▶ Exercise aim
What is needed is a word-for-word copy of every record below, minus the pictures.

▶ Material for the task
---+---
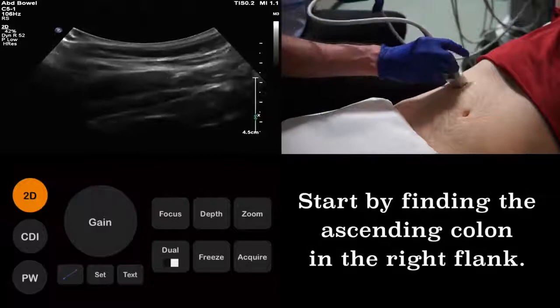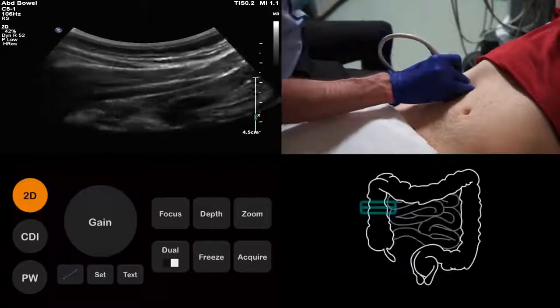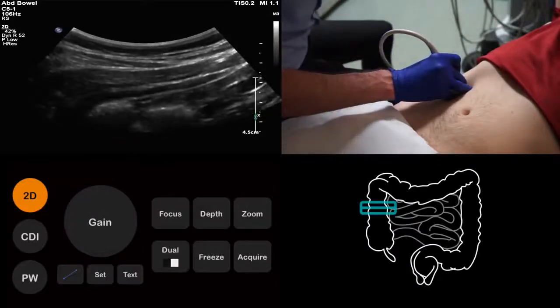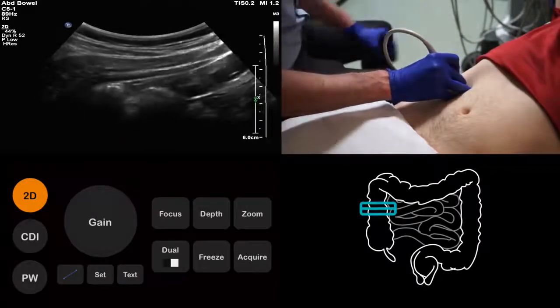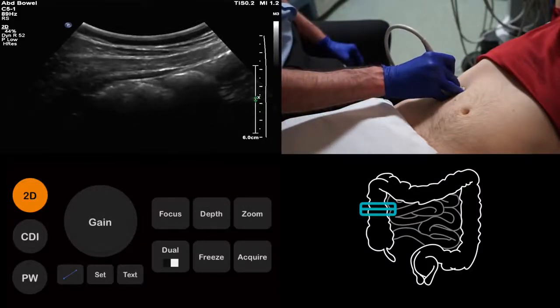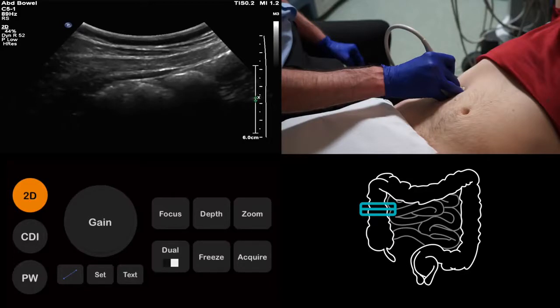Although the appendix is located in the right iliac fossa, we start with a probe in the right flank. This is because we need to define the local anatomy before we head for the appendix. Our first task is to identify the ascending colon. If we can find this structure, then we can scan inferiorly to locate the cecum, from which we know the appendix will arise. As the bowel is likely to contain gas, the ascending colon will appear as a densely echogenic structure.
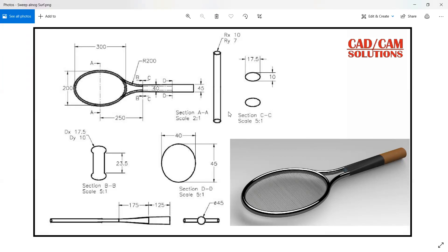Hello friends, in this lecture we will see how to create this racket with the help of surfacing. Let's see the views — here we have one top view and the next views are CC and BB.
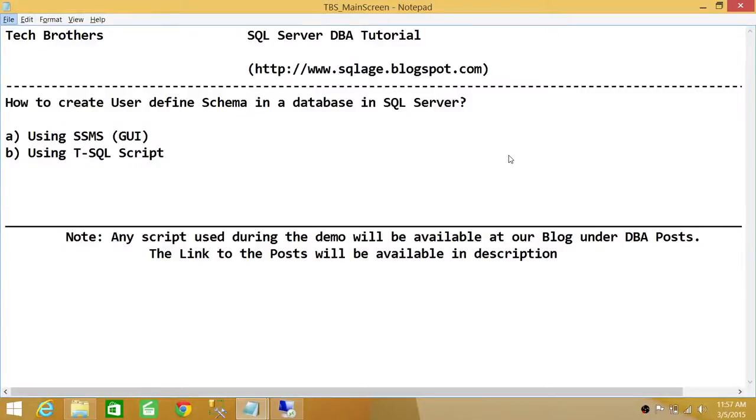Welcome to Tech Brothers. In this video, we're going to learn how to create user-defined schemas in a database in SQL Server. We'll be using two methods: using SQL Server Management Studio Graphic User Interface and using T-SQL script.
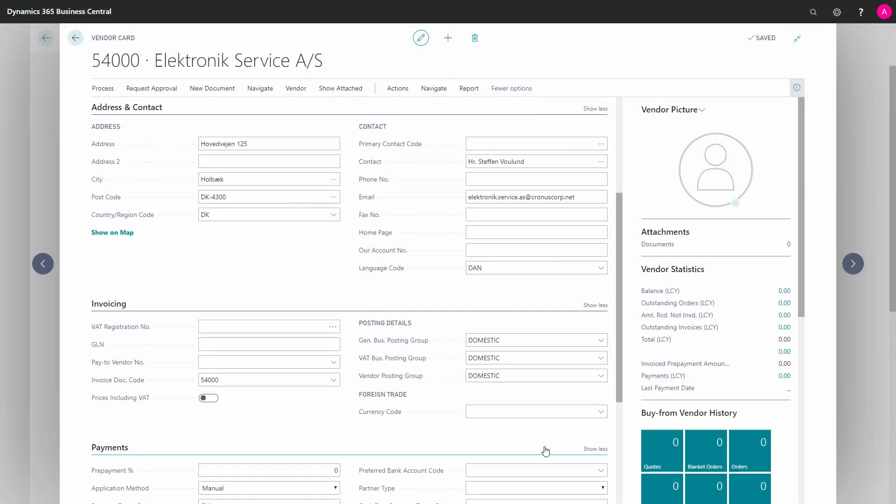In this video I will go through how to control the vendor's VAT registration number with the EU VAT registration number validation service.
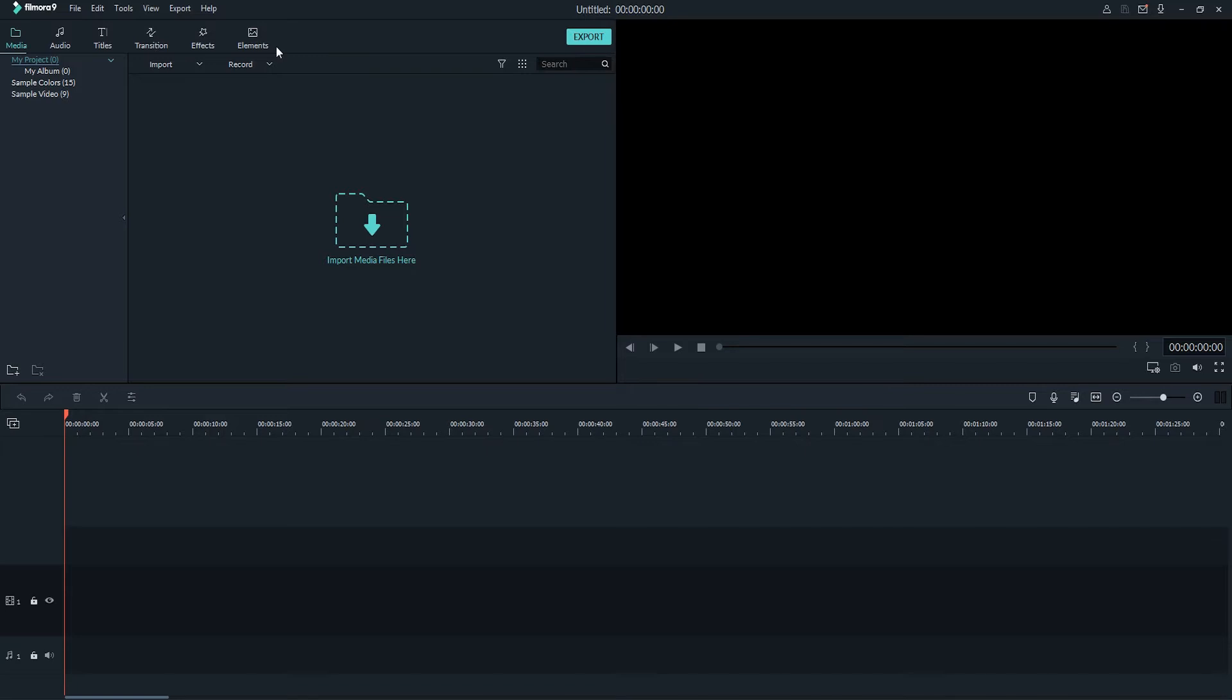First, you'll want to download Filmora Video Editor on your PC, and then once you've opened the application up, click on the New Project button.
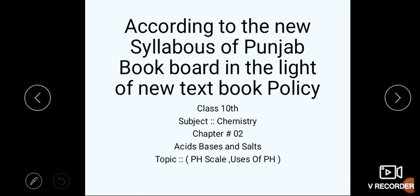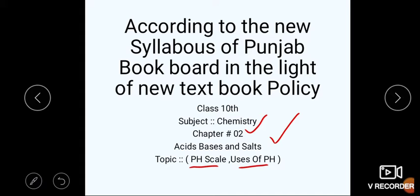Bismillah ar-Rahman ar-Rahim. Assalamu alaikum students. We are here again with a new lecture from Class 10th. Our subject is chemistry. We are on Chapter Number 2, that is acids, bases and salts. Today our topic is pH scale and their uses.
---+---
▶ Response area
Although the appendix is located in the right iliac fossa, we start with a probe in the right flank. This is because we need to define the local anatomy before we head for the appendix. Our first task is to identify the ascending colon. If we can find this structure, then we can scan inferiorly to locate the cecum, from which we know the appendix will arise. As the bowel is likely to contain gas, the ascending colon will appear as a densely echogenic structure.
Hello friends, in this lecture we will see how to create this racket with the help of surfacing. Let's see the views — here we have one top view and the next views are CC and BB.
Welcome to Tech Brothers. In this video, we're going to learn how to create user-defined schemas in a database in SQL Server. We'll be using two methods: using SQL Server Management Studio Graphic User Interface and using T-SQL script.
In this video I will go through how to control the vendor's VAT registration number with the EU VAT registration number validation service.
First, you'll want to download Filmora Video Editor on your PC, and then once you've opened the application up, click on the New Project button.
Bismillah ar-Rahman ar-Rahim. Assalamu alaikum students. We are here again with a new lecture from Class 10th. Our subject is chemistry. We are on Chapter Number 2, that is acids, bases and salts. Today our topic is pH scale and their uses.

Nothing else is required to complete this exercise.